Binary search trees are convenient to represent sets of values. To use them in this way, e need a contains function and an insert function.

Let’s focus on the insert function. insert takes a binary search tree representing a set of values $V$ and a new value $v_1$, and returns a new binary search tree representing the set $V \cup {v_1}$.

The following is an attempt at implementing insert:

def insert(t: IntTree, v1: Int): IntTree =
  t match
    case IntEmptyTree() => IntBranch(v1, IntEmptyTree(), IntEmptyTree())
    case IntBranch(v0, l, r) =>
      if v1 < v0 then IntBranch(v0, insert(l, v1), r)
      else IntBranch(v0, l, insert(r, v1))

src/main/scala/debugging/TreeOps.scala

Find a counterexample: an binary search tree t and an input v1 such that insert(t, v1) produces an incorrect result.
Fix the implementation.

Debugging expressions with side effects 🔜

We will study stateful code in depth in week 10. Since some of you have already started using vars, however, here is an exercise on this topic.

Pure expressions can be evaluated in any order. Given def f(x: Int) = x + 1, you can substitute f(1) with 1 + 1 whenever you like and it doesn’t affect the final result.

On the other hand, the evaluation order matters for expression with side effects. Think about a function g that prints a message: in the program g("Hello "); g("world!"), it’s important that g("Hello ") be evaluated before g("world!"), otherwise "world!Hello " will printed instead of "Hello world!".

Reminder: Scala uses the call-by-value evaluation strategy by default.

`upgradeUserToVip`

Someone is writing a user-management program for a supermarket like Aligro. It maintains two global lists: users contains all users, vipUsers contains the VIP users. Any VIP user is in the users list as well.

var users: IntList = IntCons(101, IntCons(102, IntCons(103, IntNil())))
var vipUsers: IntList = IntCons(102, IntNil())
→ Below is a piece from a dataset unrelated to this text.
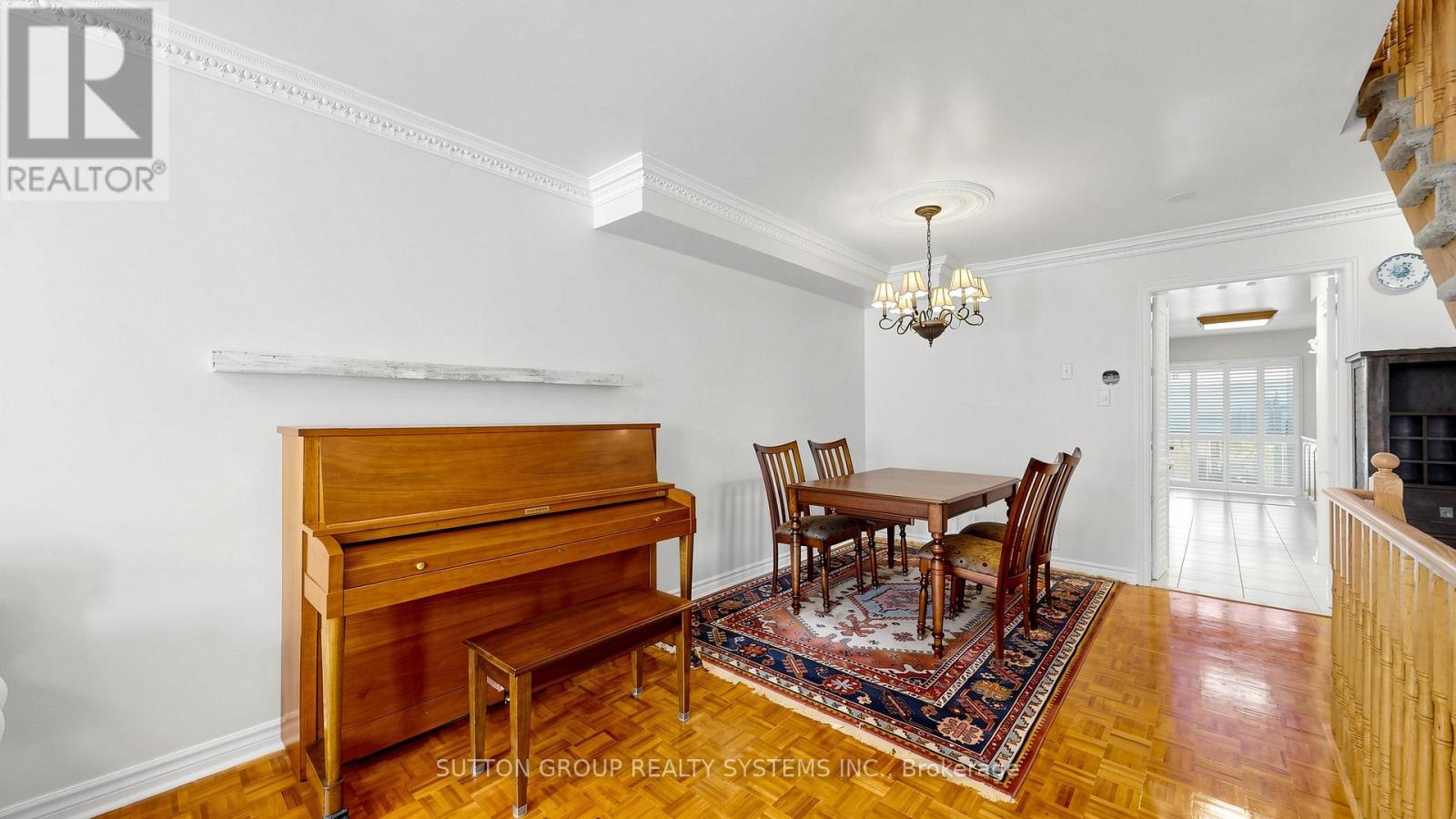 2138 EGLINTON AVENUE W - 7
src/main/scala/debugging/ListOps.scala

createNewUser takes a user ID and creates a new user using this ID. It returns true if the new user was successfully created, and false if the ID was already in use (in that case, the user database is left unmodified).

def createNewUser(id: Int): Boolean =
  if contains(users, id) then false
  else
    users = IntCons(id, users)
    true

src/main/scala/debugging/ListOps.scala

createNewVipUser is similar to createNewUser, but it creates a new VIP user if it’s not already a VIP. Like createNewUser, it returns true if a new VIP user was successfully created.

def createNewVipUser(id: Int): Boolean =
  if contains(vipUsers, id) then false
  else
    vipUsers = IntCons(id, vipUsers)
    true

src/main/scala/debugging/ListOps.scala

Finally, upgradeUserToVip takes a user ID, and if this ID indeed belongs to a user and this user is not a VIP yet, it upgrades the user to VIP. It returns true if the upgrade was successful.

def upgradeUserToVip(id: Int): Boolean =
  val canCreateNewVipUser = createNewVipUser(id)
  contains(users, id) && canCreateNewVipUser

src/main/scala/debugging/ListOps.scala

This program contains a bug. What’s the bug?
Fix the bug.

Tracing code execution

Wait until the tracing and tests lecture to tackle this!

Polish notation (from week 1) ⭐️

Use tracing to gain a better understanding of the following function, which computes the value of a polish-notation expression:

enum Operand[+T]:
  case Add extends Operand[Nothing]
  case Mul extends Operand[Nothing]
  case Num(t: T)

type OpStack[T] = List[Operand[T]]